• [REQUIRED ACTION] Print the listing exactly as it stands, and skip any pictures in it.

• [STORED DATA]
====
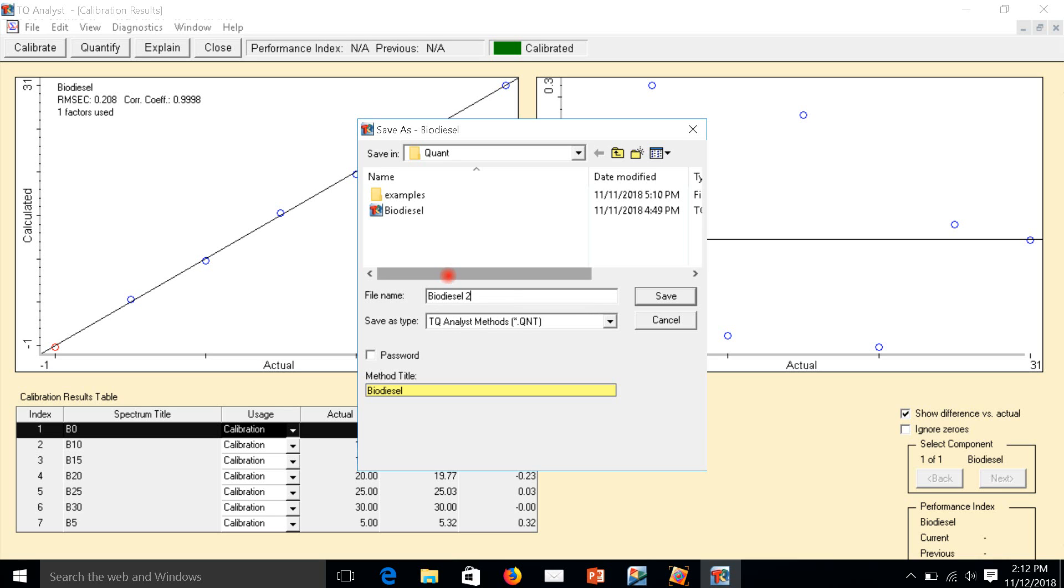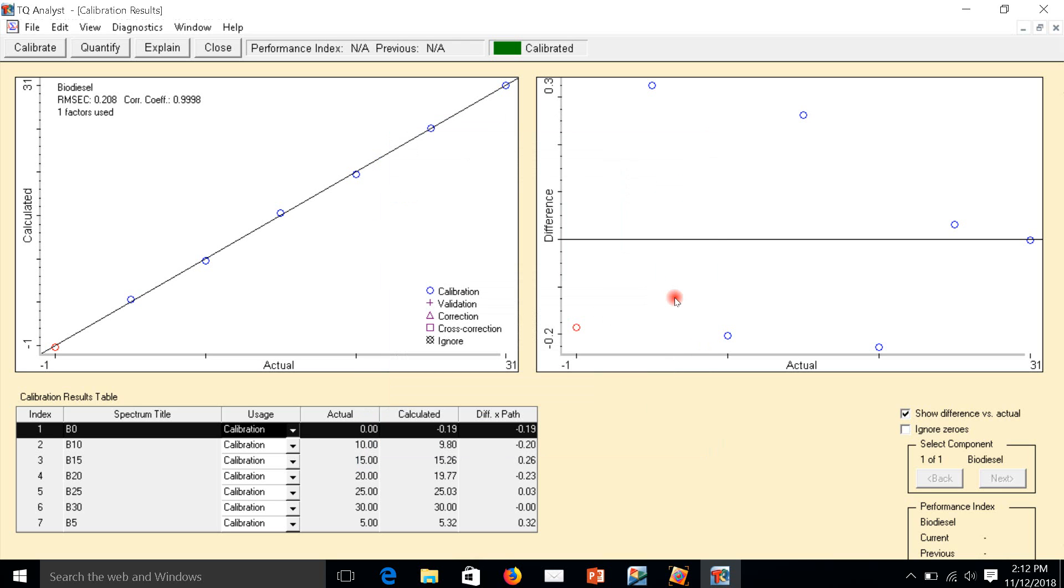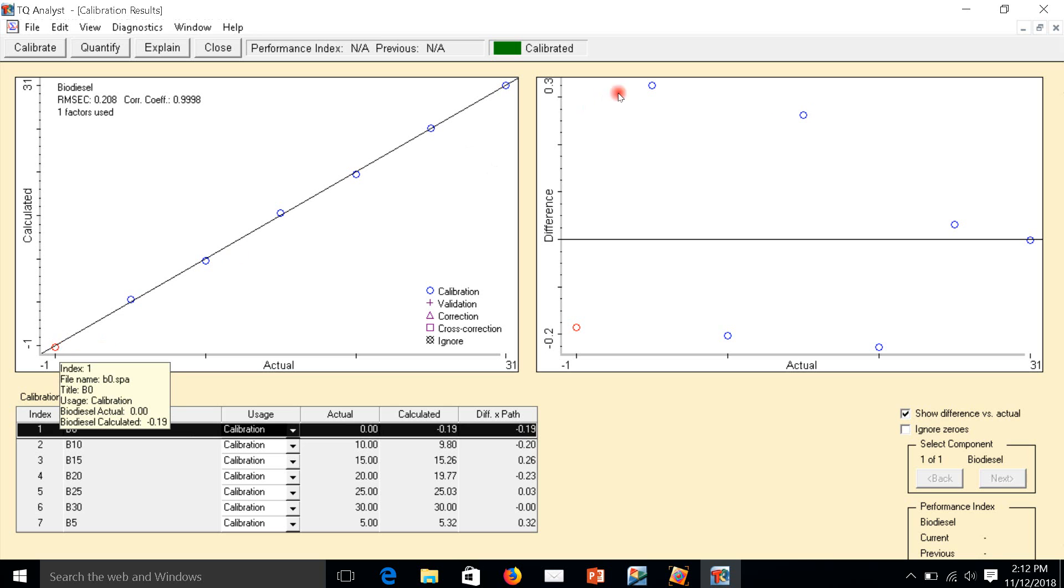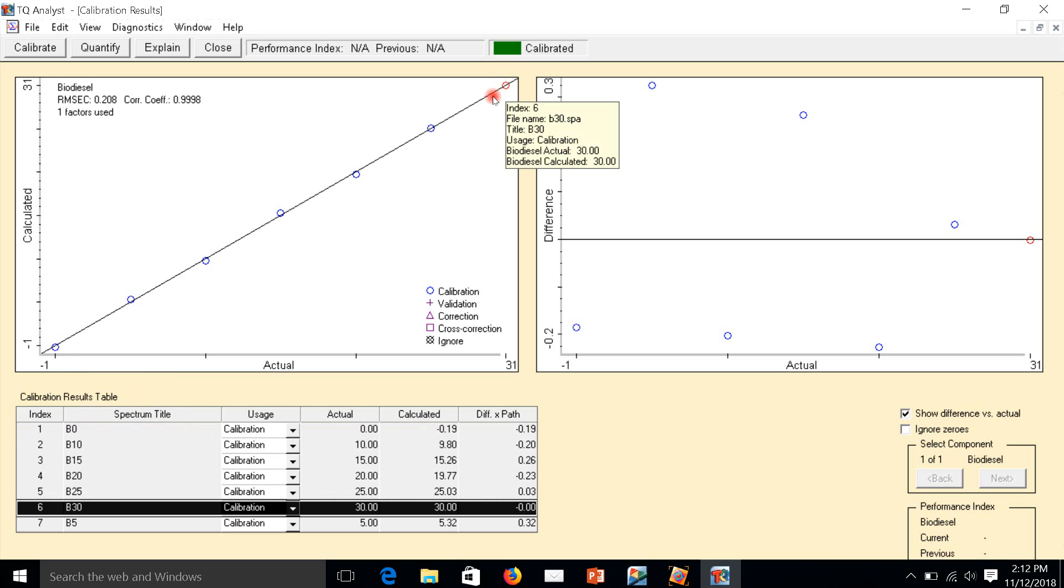I already have the calibration curve from zero to 30 concentration.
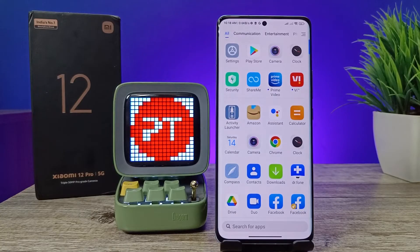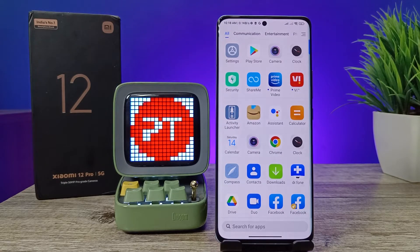Hey guys, welcome back to Phone Tricks. In this video we will learn how to remove a Google account from a Xiaomi 12 Pro smartphone. Before you start the video, I choose to subscribe to our channel for more interesting phone videos.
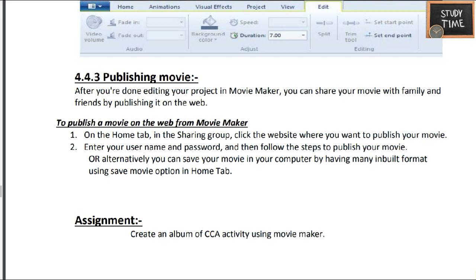Save the movie and publish it, or you can save it on your local computer and show it to your teacher. This is an easy chapter where you will be learning about multimedia options. Hope this video is useful and helpful. Thanks for watching.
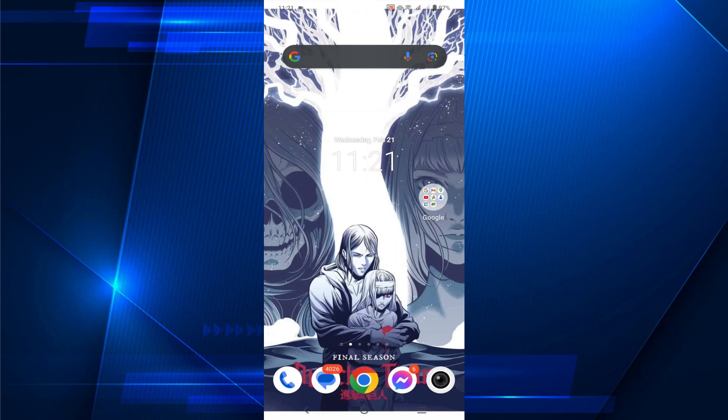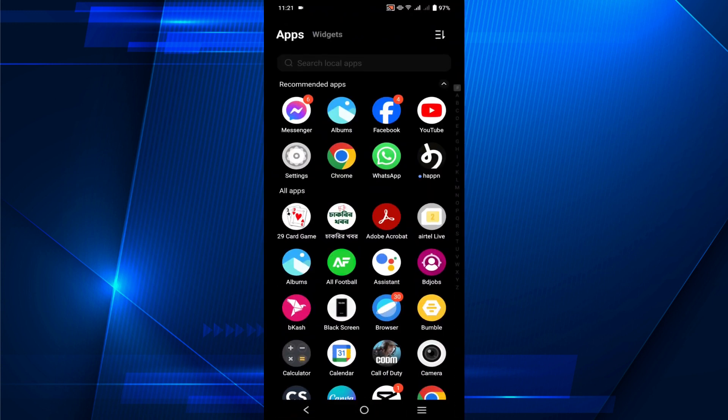Hi everyone, welcome to my YouTube channel. In this video I'm going to show you how to block videos on your YouTube. So let's start the video. First of all, go to your YouTube application.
====
• [SOLUTION BELOW]
I already have the calibration curve from zero to 30 concentration.
Hey guys, welcome back to Phone Tricks. In this video we will learn how to remove a Google account from a Xiaomi 12 Pro smartphone. Before you start the video, I choose to subscribe to our channel for more interesting phone videos.
Save the movie and publish it, or you can save it on your local computer and show it to your teacher. This is an easy chapter where you will be learning about multimedia options. Hope this video is useful and helpful. Thanks for watching.
Hi everyone, welcome to my YouTube channel. In this video I'm going to show you how to block videos on your YouTube. So let's start the video. First of all, go to your YouTube application.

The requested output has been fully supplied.